El padre Mariana, tres siglos después, incide en que la causa del destierro radicó en la envidia de la corte del rey Alfonso. Al regresar Rodrigo con los tributos, además de recibir el sobrenombre de Campeador, los «nobles y caualleros se encendieron contra el en vna nueua embidia. Procurauan abatir al que mas deuieran imitar», sirviéndose para ello de «calumnias y cargos falsos». Según el jesuita, la facilidad de la caída en desgracia del Cid se entendía en gran medida gracias a que el rey estaba «de tiempo atrás desgustado», en lo que es, de nuevo, una clara alusión a lo sucedido en aquella iglesia burgalesa. El detonante del destierro hay que buscarlo para Mariana también en el episodio de Gormaz, ya que a partir de ahí los nobles decían que «no conuenia dissimular, ni dar rienda a vn hombre loco y sandio, para hazer semejantes desatinos: que era bien castigalle, y hazer que no se tuuiesse en mas que los otros caualleros». Por ello, tras una «junta de grandes y ricos hombres», acordaron «saliese desterrado del reyno, sin dalle mas termino que nueue días para cumplir el destierro»[48].
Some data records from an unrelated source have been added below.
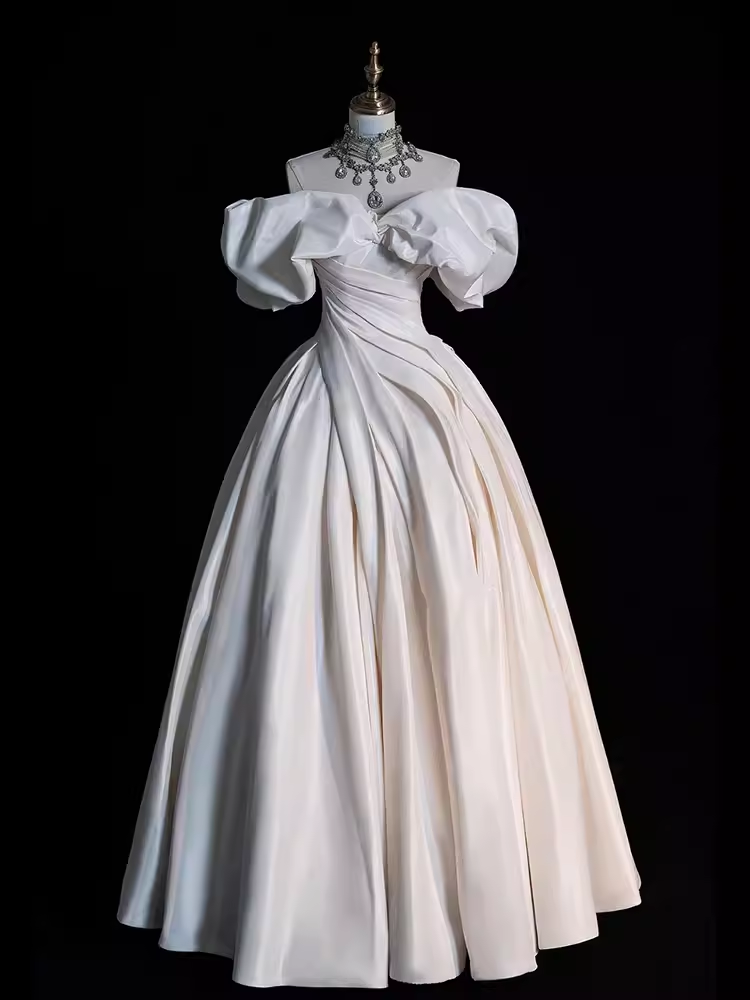 Vintage Ball Gown Strapless White Satin Long Wedding Dresses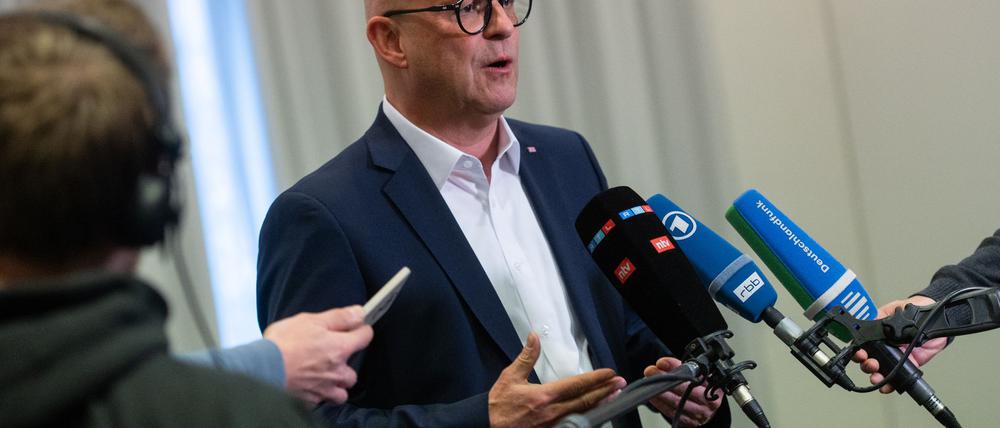 Nach einem Verhandlungsmarathon erläutert Bahn-Personalvorstand Martin Seiler die Details der Einigung.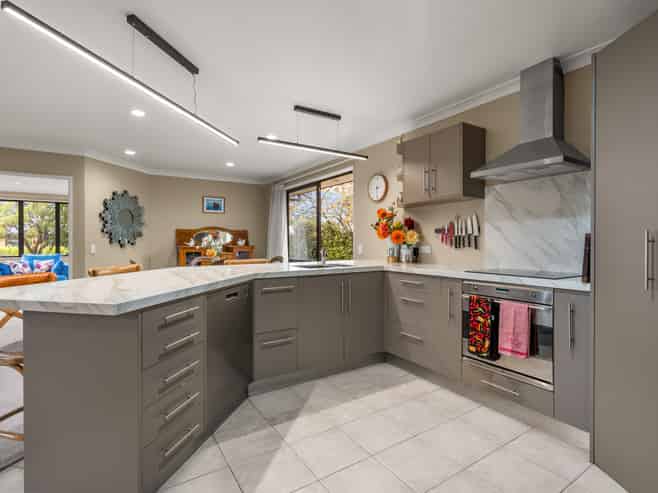 12 Chesterton Drive, Cambridge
Si repasamos otras historias generales representativas veremos que el relato, aunque con pequeños matices, no se modifica en el fondo de su contenido. Así, mucho más conciso se muestra Modesto Lafuente al referir que no le perdonó la ofensa de Santa Gadea y que por eso «mas adelante le desterró de su reino, á cuyo acto no fue agena la familia de García Ordóñez, enemigo de Rodrigo»[49]. Recordemos en este punto que ese noble sufre una humillante derrota en Cabra al ser apresado por el Cid. En el caso del segundo destierro Lafuente exculpa al Campeador de toda responsabilidad al achacarlo a una «fatal combinación de circunstancias, y acaso mas por culpa de Alfonso que de Rodrigo, no pudo este incorporarse oportunamente al ejército cristiano». Esta coyuntura fue bien aprovechada por los enemigos del Cid para acusarlo de traidor ante su rey, «imputando su retraso á intencion de comprometer el ejército de Castilla y de proporcionar un triunfo á los sarracenos». El propio Lafuente se sorprende de la ingenuidad de Alfonso al aceptar una acusación que, a su parecer, resultaba totalmente «inverosimil e injustificable», pero encuentra una explicación al plantear que el monarca se encontraba «prevenido contra Rodrigo Diaz, ó dió ó aparentó dar crédito á los denunciadores», razón por la cual «revocó el derecho de señorío que le habia dado sobre las fortalezas que conquistára, le privó hasta de las posesiones de su propiedad, é hizo poner en prision á su esposa y sus hijos»[50].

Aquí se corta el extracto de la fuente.